We have had the merit of watching Israel grow and succeed in a multitude of ways. The Jewish mind combine in Israel has made it possible for our scientists and computer experts to reach new peaks that the next generation can climb. The activation in Israel of the Jewish mind has branched out far beyond its expected potential. The discoveries are the work of individuals in their second, third, fourth, fifth and sixth decades.

So here we are entering a special year, approaching Israel’s 70th birthday. April 18 will bring a Yom HaAtzmaut with great splendor in which this country’s pioneers in spirit are honored for their determination and Israelis of today continue to thrill the world with their outstanding innovations. This is science — the thrill of discovery.

But what about the other characteristics that we should be concerned about because they are what made us the people who we are and lifted us even higher?

In the essay “On Being a Mensch,” Rabbi Morris Adler, the only rabbi assassinated while he was on the pulpit, offers an important challenge for us. “The apologetic line ‘after all I am only human’ is a denial we should never make. Indeed, the single small word ‘only’ is a denial of our humanity. Being ‘human’ represents a goal and an achievement; being a ‘mensch’ means calling upon capacities which are sometimes permitted to lie fallow.”

Rabbi Adler writes that “man is never to be defined exclusively in terms of his present stature and attainments. There is more to him/her than what he is at any given moment. Within him are possibilities unrevealed by his current posture. If he wills,” which for the rabbi is so important, “he can move upward from level to level. He never arrives — and this applies to the greatest geniuses, the greatest leaders.

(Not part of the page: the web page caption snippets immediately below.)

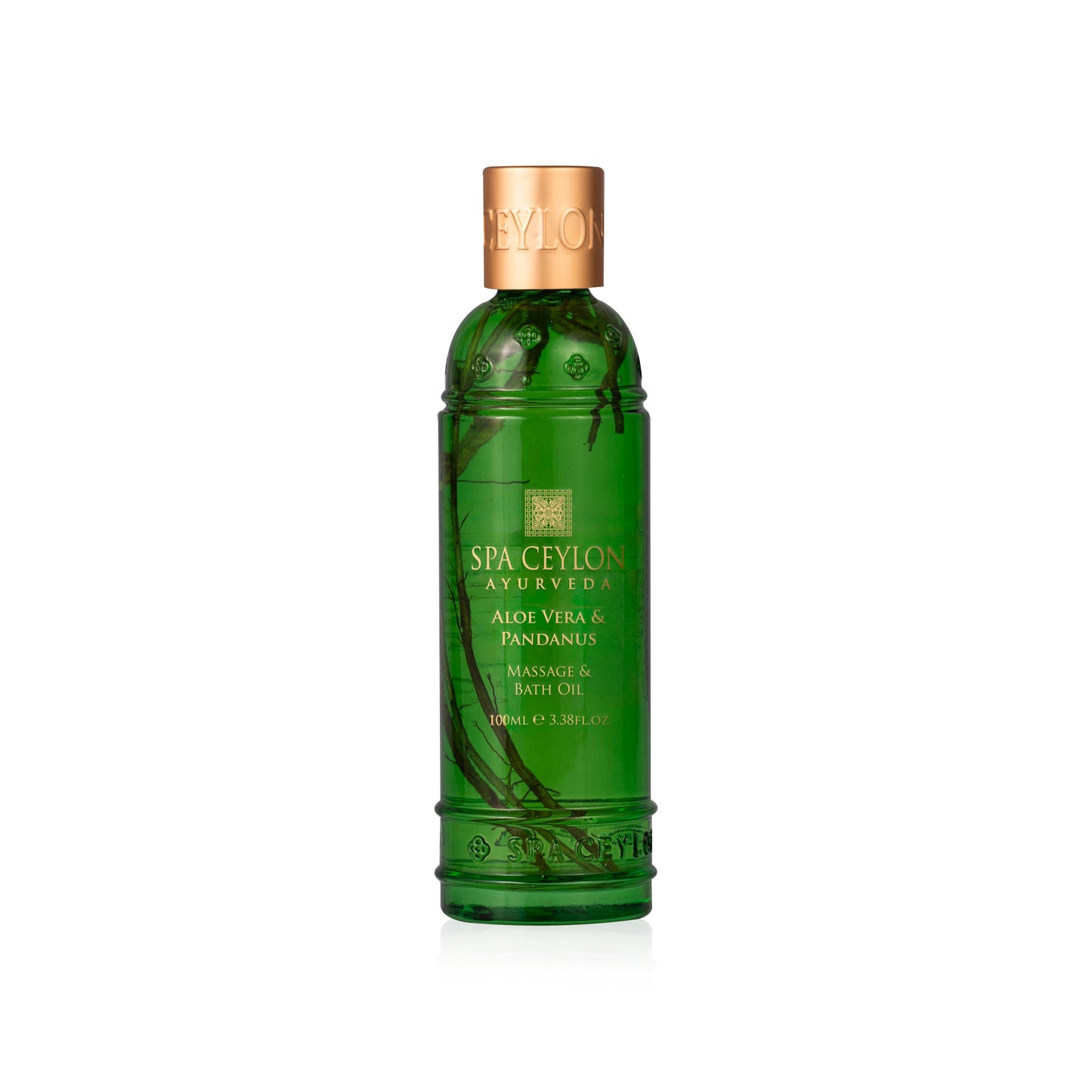 Aloe Vera & Pandanus - Massage & Bath Oil 100ml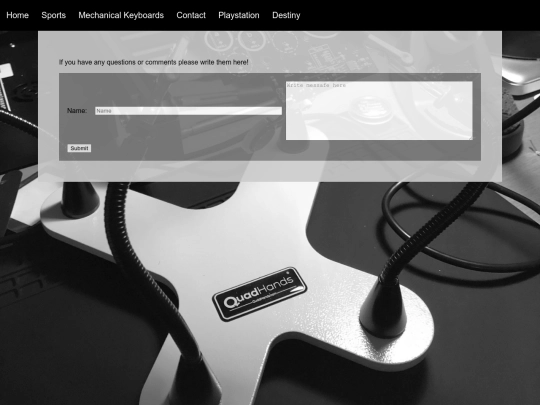 contact screenshot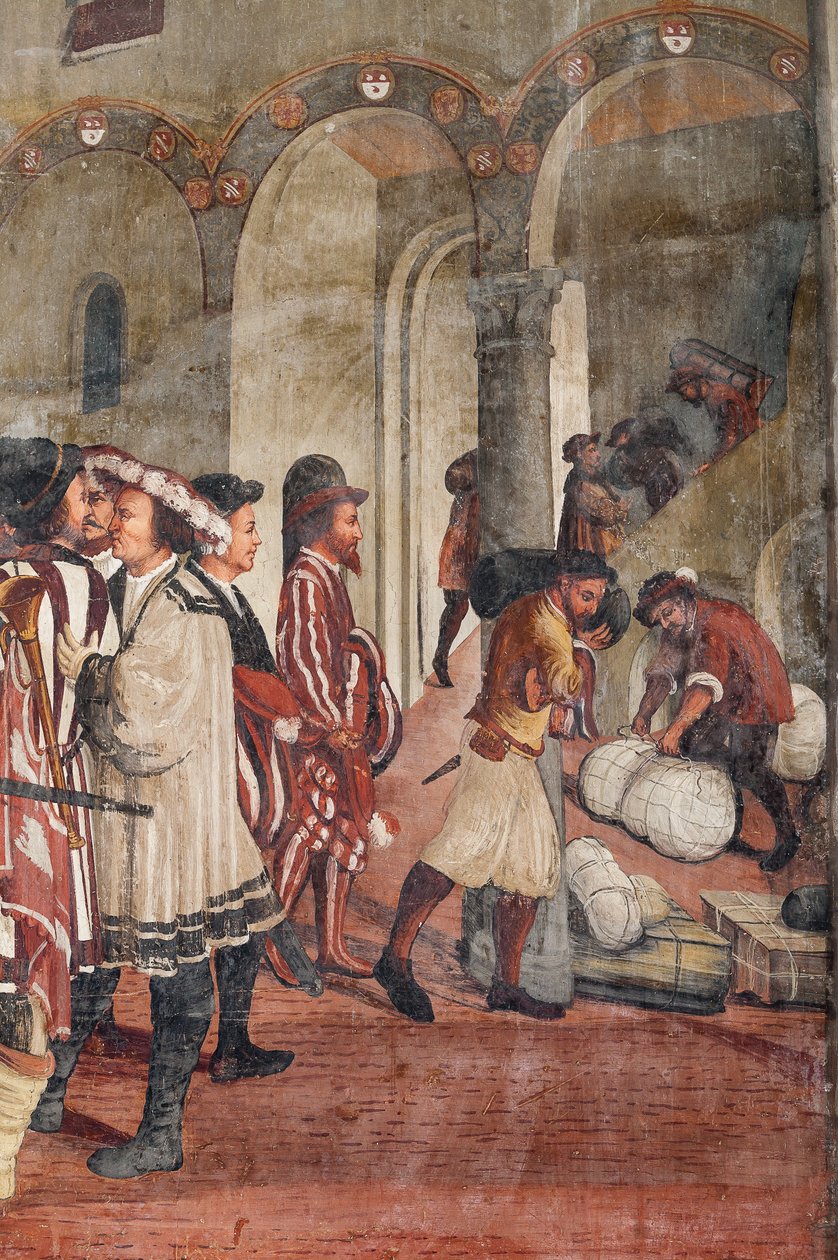  द्वारा मार्सेलो या रोमानी गिरोलामो (रोमानिनो) (c.1485 c.1566) (attr.to) फोगोलिनो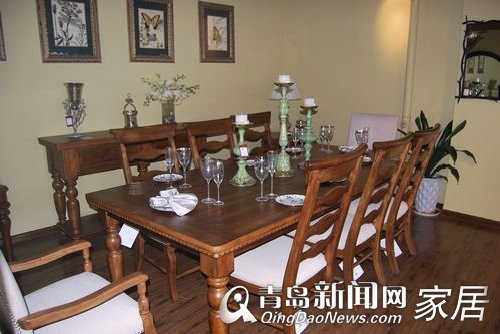 轩维美家,进口家具,整体家具,配饰,青岛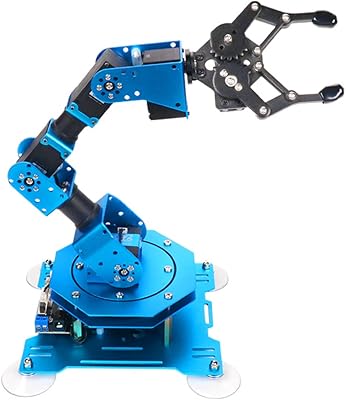 Leonsol robot arduino arm 6 d.o.f. pour la programmation steam avec notes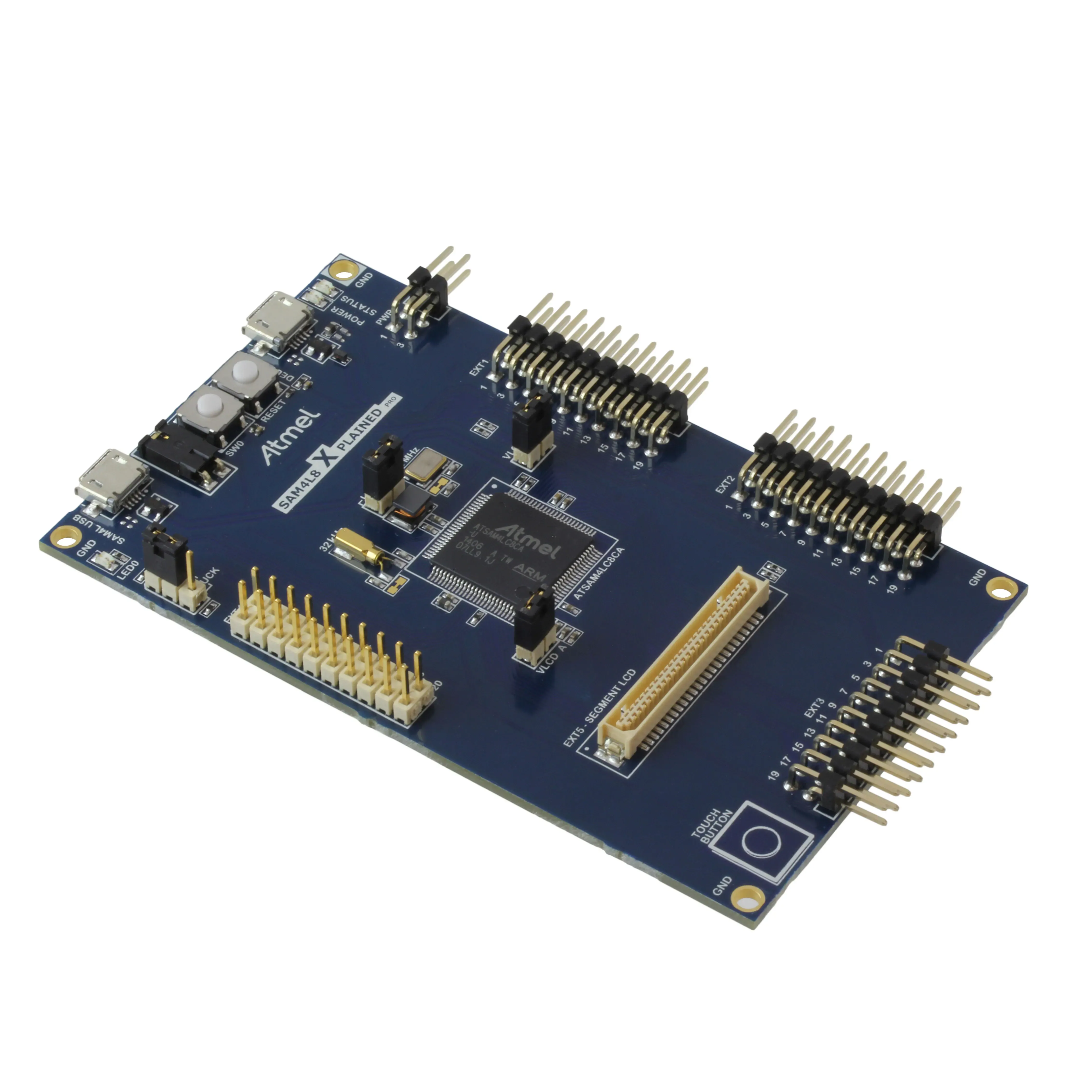 ATSAM4L8-XPRO (SAM4L XPLAINED PRO EVAL KIT)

The full realization of all of his powers will never occur.”

Then Rabbi Adler shares a most significant insight: “Man need not be a prisoner of his physical nature nor the victim of external pressures and circumstances. In all of us there is a dimension of ‘menschlichkeit’ which is not encompassed by a physiological and sociological study of the individual. What we should do with our greatest possession called life is to make our goal and adventure and its fulfillment an accomplishment which fashions us into a ‘mensch.’”

Striving to climb to this level of humanity is something we must never forget.

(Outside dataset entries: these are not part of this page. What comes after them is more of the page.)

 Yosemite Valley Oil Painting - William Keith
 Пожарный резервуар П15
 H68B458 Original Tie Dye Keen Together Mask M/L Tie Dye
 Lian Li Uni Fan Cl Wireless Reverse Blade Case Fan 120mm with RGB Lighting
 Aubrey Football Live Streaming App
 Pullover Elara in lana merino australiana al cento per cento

In Am Yisrael we see instances of this when people take on the protection of battered wives and sexually harassed women, work to establish special schooling of people who are not on the same plane as all their contemporaries, provide food for those who have none, assist Holocaust survivors who are practically starving and confined to tiny dwellings, work to find housing for those who are disabled and homeless, offer aid to people of all faiths and color, and travel to help refugees who are just blowing in the wind.

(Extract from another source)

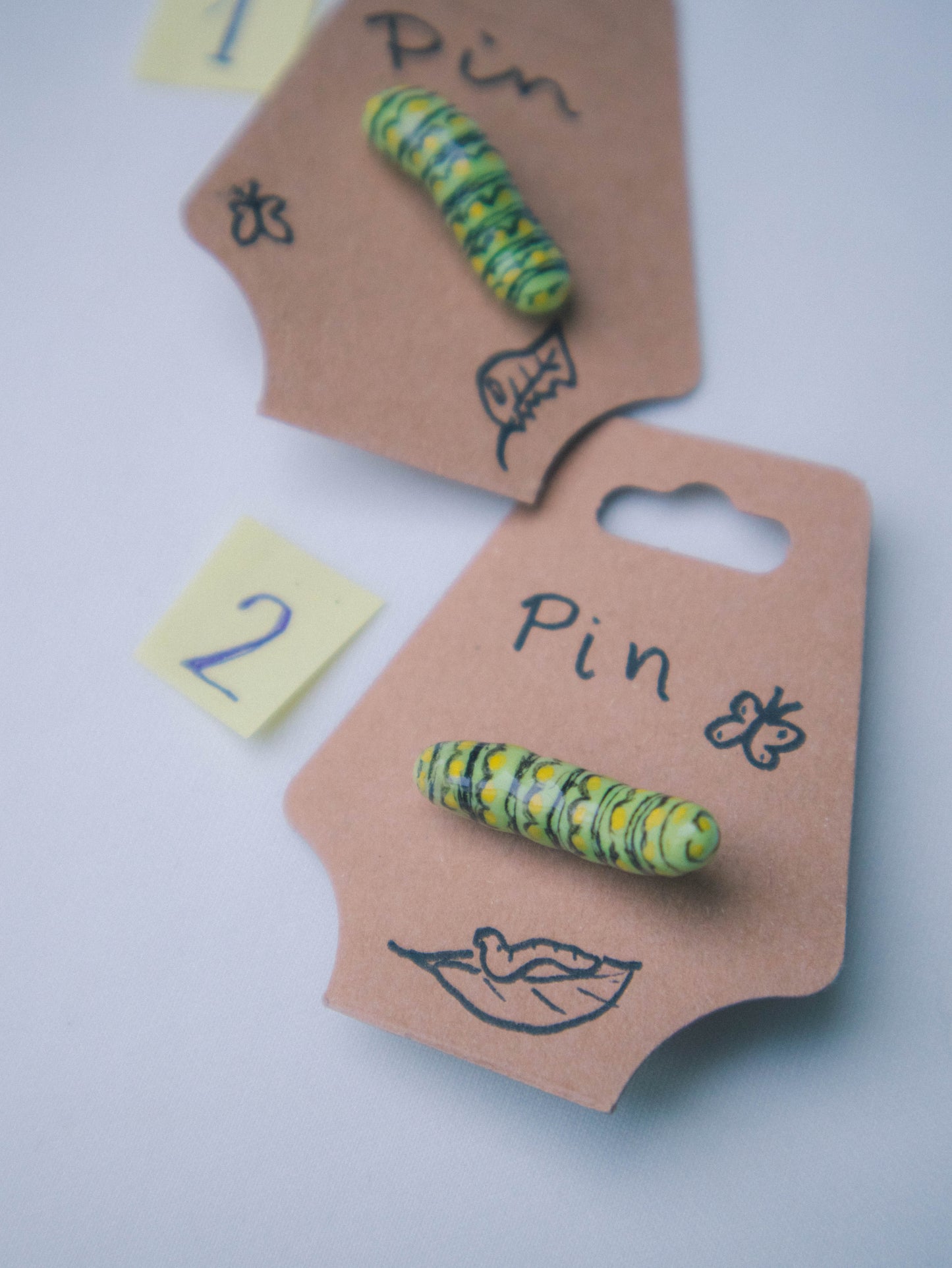 Caterpillar Pin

What we want to see happen in 2018 is for each of us to continue to learn from the difficult experiences we continue to face.

Ernest Hemmingway offers a powerful insight in one of his many great novels: “The world breaks everyone, and afterward many are strong in the broken places.”

Rabbi Sidney Greenberg writes: “Two truths in Hemmingway’s statement. The first is that sooner or later we are all broken. Defeat, disappointment, sorrow and tragedy are the common lot of all people.”

What happens then?

“Hemmingway,” Greenberg continues, “talks not only of our common vulnerability to being broken; he reminds us that we can become strong in the broken places. Where trouble and suffering are concerned, you and I have the power not only to confront and endure them; we can use them constructively and creatively.”

This has indeed been the signpost of the nation of Israel these 70 years and of the Jewish people throughout our history. What we have endured, no other people — no other country — ever has.

What we have done is invent the cellphone, Mobileye and Waze, and hundreds of other devices to make life constantly better for everyone on the planet.

Our scholars and writers have composed informative and inspiring texts. No matter at what level we are, we try to climb higher. Those triumphs are fine but too mechanical. What we must strive for as Jews are kindness and care.